Com um roteiro carregado de excessos, a direção de Marco Bellocchio não ajuda em nada a aparar essas sobras, já que apresenta cenas picotadas por todo o primeiro ato do filme. O ritmo da montagem é acelerado e isso influência diretamente na conexão com os personagens, já que há muita história sendo contada simultaneamente. A passagem de tempo é confusa e sem introdução, ou seja, boa parte da trama é apresentada de forma bagunçada, em especial, as cenas que se passam no Brasil. Fora isso, a violência gráfica, tão essencial para esse tipo de filme, até está presente, mas as sequências são tão corridas e caóticas, que acabam não tendo o impacto que deveriam ter, sendo muito mais eficazes para o humor.

O elenco, composto por Pierfrancesco Favino (Rush – No Limite da Emoção) é extenso em diferentes nacionalidades, porém, o protagonista entrega carisma e veracidade e faz o que pode com o roteiro que tem. Pelo menos ele, já que Maria Fernanda Cândido não faz mais do que uma participação e não tem espaço para mostrar seu carisma, entra muda e sai calada. Destaque válido também para Luigi Lo Cascio (O Nome do Filho), que conquista com seu ar cômico.

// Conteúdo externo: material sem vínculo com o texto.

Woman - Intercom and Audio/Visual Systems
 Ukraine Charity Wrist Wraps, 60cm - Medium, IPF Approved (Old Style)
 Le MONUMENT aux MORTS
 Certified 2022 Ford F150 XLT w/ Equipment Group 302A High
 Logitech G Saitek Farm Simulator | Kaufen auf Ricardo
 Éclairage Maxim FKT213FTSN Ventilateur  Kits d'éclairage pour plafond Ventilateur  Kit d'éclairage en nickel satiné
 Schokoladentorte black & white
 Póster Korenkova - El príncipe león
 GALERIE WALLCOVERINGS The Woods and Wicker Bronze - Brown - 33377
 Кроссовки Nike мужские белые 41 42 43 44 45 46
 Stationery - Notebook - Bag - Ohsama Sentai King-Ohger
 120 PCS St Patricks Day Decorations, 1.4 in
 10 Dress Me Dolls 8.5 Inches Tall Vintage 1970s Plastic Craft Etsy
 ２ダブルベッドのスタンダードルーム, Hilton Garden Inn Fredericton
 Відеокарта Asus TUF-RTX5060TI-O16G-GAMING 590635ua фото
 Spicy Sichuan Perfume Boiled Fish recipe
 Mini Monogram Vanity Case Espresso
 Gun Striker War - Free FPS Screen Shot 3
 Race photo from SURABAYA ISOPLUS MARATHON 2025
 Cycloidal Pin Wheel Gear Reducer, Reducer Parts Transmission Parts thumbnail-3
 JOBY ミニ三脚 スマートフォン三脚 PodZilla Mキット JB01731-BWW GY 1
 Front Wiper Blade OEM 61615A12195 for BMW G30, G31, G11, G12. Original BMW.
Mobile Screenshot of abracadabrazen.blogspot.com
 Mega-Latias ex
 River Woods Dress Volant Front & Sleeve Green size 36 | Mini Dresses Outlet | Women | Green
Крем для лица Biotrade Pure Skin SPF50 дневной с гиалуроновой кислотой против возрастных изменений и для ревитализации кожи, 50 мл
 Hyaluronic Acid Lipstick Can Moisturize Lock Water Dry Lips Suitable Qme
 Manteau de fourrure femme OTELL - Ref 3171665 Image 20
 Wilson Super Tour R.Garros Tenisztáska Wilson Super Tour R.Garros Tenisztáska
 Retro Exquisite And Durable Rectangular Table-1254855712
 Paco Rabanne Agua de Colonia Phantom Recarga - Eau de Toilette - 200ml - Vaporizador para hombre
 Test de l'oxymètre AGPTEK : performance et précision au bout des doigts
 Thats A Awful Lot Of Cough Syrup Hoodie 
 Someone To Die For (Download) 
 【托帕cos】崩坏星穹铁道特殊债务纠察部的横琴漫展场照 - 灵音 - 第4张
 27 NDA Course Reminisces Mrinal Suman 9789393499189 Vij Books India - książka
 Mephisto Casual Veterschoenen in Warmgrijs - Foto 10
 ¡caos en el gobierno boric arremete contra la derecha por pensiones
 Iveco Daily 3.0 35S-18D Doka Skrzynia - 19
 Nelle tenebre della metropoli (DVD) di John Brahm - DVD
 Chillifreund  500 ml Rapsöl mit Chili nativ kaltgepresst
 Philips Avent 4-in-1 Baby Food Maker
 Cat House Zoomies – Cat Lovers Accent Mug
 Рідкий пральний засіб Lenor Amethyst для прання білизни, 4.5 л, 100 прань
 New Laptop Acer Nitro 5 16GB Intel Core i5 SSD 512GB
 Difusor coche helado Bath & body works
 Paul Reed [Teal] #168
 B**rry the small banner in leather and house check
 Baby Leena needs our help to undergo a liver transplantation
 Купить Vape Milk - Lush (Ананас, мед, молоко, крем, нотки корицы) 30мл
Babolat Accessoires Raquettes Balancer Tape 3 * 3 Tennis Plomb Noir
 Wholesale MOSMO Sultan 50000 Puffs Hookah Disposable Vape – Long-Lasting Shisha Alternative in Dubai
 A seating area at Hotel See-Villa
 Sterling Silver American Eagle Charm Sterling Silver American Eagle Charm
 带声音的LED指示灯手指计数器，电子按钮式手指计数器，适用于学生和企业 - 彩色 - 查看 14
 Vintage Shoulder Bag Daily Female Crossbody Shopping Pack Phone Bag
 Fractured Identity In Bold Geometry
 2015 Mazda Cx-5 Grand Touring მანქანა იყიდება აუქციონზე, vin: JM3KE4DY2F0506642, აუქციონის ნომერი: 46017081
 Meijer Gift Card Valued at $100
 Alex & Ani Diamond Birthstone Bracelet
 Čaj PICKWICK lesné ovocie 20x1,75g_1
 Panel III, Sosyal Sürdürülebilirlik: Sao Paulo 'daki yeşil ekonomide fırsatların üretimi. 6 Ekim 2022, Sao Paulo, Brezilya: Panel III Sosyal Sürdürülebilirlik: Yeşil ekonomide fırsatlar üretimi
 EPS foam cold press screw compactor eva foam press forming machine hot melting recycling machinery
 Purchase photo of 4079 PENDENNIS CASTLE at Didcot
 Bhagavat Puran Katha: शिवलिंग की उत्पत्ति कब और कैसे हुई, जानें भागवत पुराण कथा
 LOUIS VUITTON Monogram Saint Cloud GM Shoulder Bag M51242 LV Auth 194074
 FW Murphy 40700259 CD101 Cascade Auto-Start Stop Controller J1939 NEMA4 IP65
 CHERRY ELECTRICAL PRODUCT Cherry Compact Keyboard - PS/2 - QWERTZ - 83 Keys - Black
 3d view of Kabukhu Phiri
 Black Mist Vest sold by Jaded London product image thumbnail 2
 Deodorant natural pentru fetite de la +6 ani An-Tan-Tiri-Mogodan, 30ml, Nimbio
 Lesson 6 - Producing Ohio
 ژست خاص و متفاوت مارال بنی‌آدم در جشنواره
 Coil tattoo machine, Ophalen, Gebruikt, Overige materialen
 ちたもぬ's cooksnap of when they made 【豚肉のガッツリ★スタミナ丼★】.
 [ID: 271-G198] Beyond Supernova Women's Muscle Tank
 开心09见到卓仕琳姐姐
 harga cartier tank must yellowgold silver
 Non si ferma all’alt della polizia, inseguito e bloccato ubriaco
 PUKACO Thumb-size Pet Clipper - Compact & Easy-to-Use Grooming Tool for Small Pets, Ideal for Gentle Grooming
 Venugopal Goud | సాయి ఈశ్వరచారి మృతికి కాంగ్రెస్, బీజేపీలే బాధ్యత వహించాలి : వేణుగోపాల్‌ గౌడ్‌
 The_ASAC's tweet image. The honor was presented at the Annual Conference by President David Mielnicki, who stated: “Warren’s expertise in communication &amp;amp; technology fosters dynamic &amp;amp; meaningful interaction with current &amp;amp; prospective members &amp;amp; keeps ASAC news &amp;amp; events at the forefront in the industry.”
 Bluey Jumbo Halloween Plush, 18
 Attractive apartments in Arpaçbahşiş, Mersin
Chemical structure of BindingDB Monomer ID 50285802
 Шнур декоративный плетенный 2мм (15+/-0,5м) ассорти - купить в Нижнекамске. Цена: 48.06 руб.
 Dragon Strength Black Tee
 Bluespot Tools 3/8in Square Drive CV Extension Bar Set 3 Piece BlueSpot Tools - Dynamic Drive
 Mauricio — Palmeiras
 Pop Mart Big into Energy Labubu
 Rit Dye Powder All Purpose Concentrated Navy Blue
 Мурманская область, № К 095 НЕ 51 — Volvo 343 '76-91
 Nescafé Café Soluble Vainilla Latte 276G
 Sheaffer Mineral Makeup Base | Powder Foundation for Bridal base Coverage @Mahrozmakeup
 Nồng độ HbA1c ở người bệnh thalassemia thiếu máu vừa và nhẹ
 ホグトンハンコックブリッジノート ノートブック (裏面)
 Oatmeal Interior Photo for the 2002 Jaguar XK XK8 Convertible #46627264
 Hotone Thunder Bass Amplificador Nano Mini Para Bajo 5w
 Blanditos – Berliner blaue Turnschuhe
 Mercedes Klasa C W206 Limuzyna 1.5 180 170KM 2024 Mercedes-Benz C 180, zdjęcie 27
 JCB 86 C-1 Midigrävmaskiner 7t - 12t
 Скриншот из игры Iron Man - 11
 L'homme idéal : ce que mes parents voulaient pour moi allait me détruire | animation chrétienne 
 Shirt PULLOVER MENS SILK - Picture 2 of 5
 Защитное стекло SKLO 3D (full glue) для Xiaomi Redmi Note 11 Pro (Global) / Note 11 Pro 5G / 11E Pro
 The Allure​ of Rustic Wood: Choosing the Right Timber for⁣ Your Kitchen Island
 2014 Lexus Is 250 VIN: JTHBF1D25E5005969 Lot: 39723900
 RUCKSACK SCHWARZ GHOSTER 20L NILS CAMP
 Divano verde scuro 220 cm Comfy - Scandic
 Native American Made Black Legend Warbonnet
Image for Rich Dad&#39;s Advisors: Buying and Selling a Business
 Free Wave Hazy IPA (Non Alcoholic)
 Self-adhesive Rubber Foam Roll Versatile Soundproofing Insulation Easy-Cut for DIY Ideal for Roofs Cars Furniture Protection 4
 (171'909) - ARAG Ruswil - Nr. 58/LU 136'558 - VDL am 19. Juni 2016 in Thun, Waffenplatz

Os demais personagens acabam servindo como distração e a mistura de idiomas (italiano, português, inglês) quebra a conexão sentimental da trama com o público, tornando-o ainda mais desanimado e enjoativo.

Passado o caos inicial, quando a narrativa avança para o momento de julgamento do protagonista, é também quando se torna mais interessante. Seja pelo viés cômico do absurdo ou pelo suspense em saber como aquela história vai se concluir, já que é dessa forma que o protagonista assume o título do filme, o julgamento aprofunda as características de Buscetta e guarda a maior qualidade do texto, é uma pena que venha tão distante na história, quando o cansaço já está estabelecido, e que acabe tão apressadamente.

Se não fosse por algumas boas atuações e uma produção realmente impecável de figurino e direção de arte, ‘O Traidor’ não teria força para vingar. É um filme de máfia, em sua essência, mas havia potencial de sobra para ultrapassar essa barreira de limitação e ser uma obra excepcional de drama, tendo em vista uma história tão rica em detalhes, sobre uma figura controversa, manipuladora e inteligente. É difícil se recuperar do cansaço inicial com o excesso de cortes da montagem, mas vale à pena esperar chegar o tão importante julgamento e se divertir com o humor que o roteiro abraça, infelizmente, muito tarde.

Este filme foi assistido na cobertura oficial do Festival do Rio 2019.